During special meals or feasts, one Potawatomi tradition that honors ancestors includes setting aside small portions from each prepared dish and placing it on a plate or on a piece of birch bark.
“With a spirit plate, you are feeding your ancestors; you are feeding those who have passed on,” Neely explained.
After plating the food, some will offer séma (tobacco), and then set it into a fire or safely outside.
“If you’re going to put it out somewhere, don’t put it where there is a lot of traffic,” Neely said. “They say to never put your tobacco down somewhere that somebody is going to walk over it, if you can help it.”
In certain communities, maple water is also used. While making a spirit plate can occur during any time of the year, traditionally, Potawatomi believe the spirits sleep during winter.
“It doesn’t have to be elaborate, and it can just be something that is part of the meal,” Neely said. “Perhaps you’ve made a nice meal and maybe you make an extra dish that your grandma or grandpa liked, and you put that on a plate for them.”
While many prepare a spirit plate within specific periods after a loved one has passed, other instances spur Nishnabé to honor their ancestors as well.
“We’ve always paid a lot of attention to our dreams. They say if you dream about somebody that’s passed on, it’s an indicator that maybe you should make a spirit plate for them and that they are hungry,” he said.
Potawatomi respect food at all times, but during ceremony, Nishnabé people incorporate additional mindfulness.
“We treat it differently than a buffet,” Neely explained. “You only take a little bit of each because if it is ceremony, you are expected to eat everything on the plate. You want to make sure you eat everything and don’t waste.”
A jibakwe (ghost supper) is another way Nishnabé show ancestral reverence, usually a year after the individual’s passing, but this ceremony can also occur as part of the funeral or memorial service. Regardless of time of year, sharing dinner together serves as the central focus.

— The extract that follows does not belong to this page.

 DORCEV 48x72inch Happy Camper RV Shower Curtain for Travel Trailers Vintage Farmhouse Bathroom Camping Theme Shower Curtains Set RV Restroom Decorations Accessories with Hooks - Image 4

“Maybe they loved liver and onions, so they’d prepare liver and onions as part of that meal. And as part of that ceremony, a lot of times people will make a spirit plate,” Neely said.

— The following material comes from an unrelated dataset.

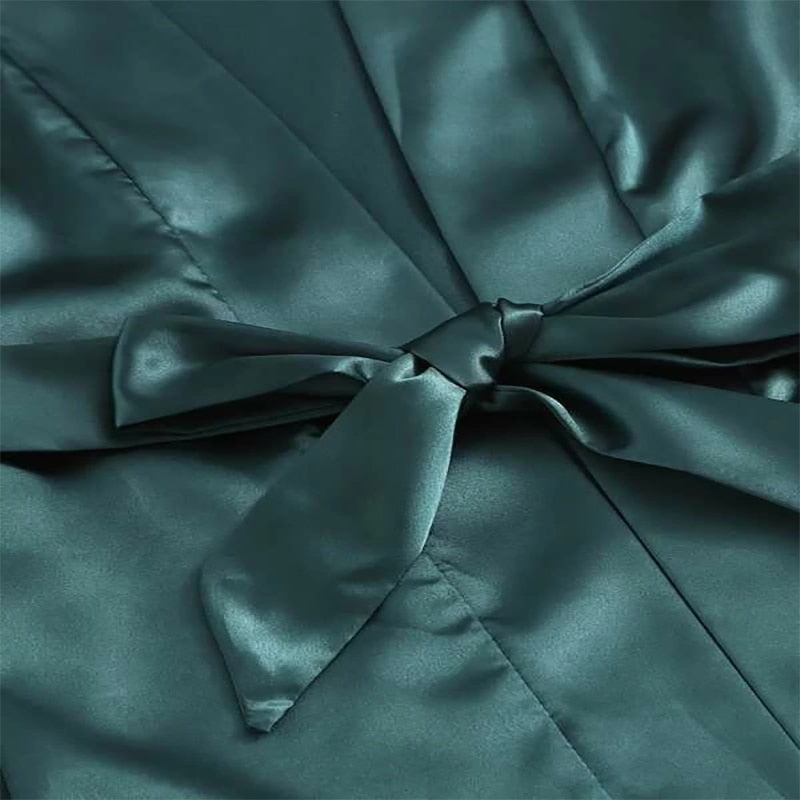 New Green 3 Piece Set For Women Satin Sleepwear Night Suit-Original Pajamas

Many Nishnabé communities use a jibakwe to recognize those who take on the duties of the individual who passed away.
“As part of a jibakwe, or ghost supper, they can have a seat prepared where the person would have been if they were alive. They might even put a dish there and a blanket,” he said. “Sometimes people will … invite that person to take on that role in their family as their mother or their grandmother. They’ll give them gifts and let them stand in, if you will, for that person, both in that moment but also maybe further on.”
Being mindful of directions is another tradition incorporated by many. For example, entering and leaving from different doors.
“They say that so the spirit doesn’t follow you back in,” he added.
One Potawatomi word for ancestor — yankobjegen — translates to “tying together” and helps symbolize the deeply rooted respect Nishnabé hold for the wisdom, direction and sacrifices of the generations that came before that allow the Potawatomi to thrive today.
“Because you’re tying people together across the generations, and even the way we live our lives, everything we do, every big decision we make, we think about how it’s going to affect the next seven generations but also how it’s going to honor and respect the seven previous generations,” Neely said. “It shows that it isn’t as simple as the here and now. You have to think about the past and remember the past while moving forward at the same time.”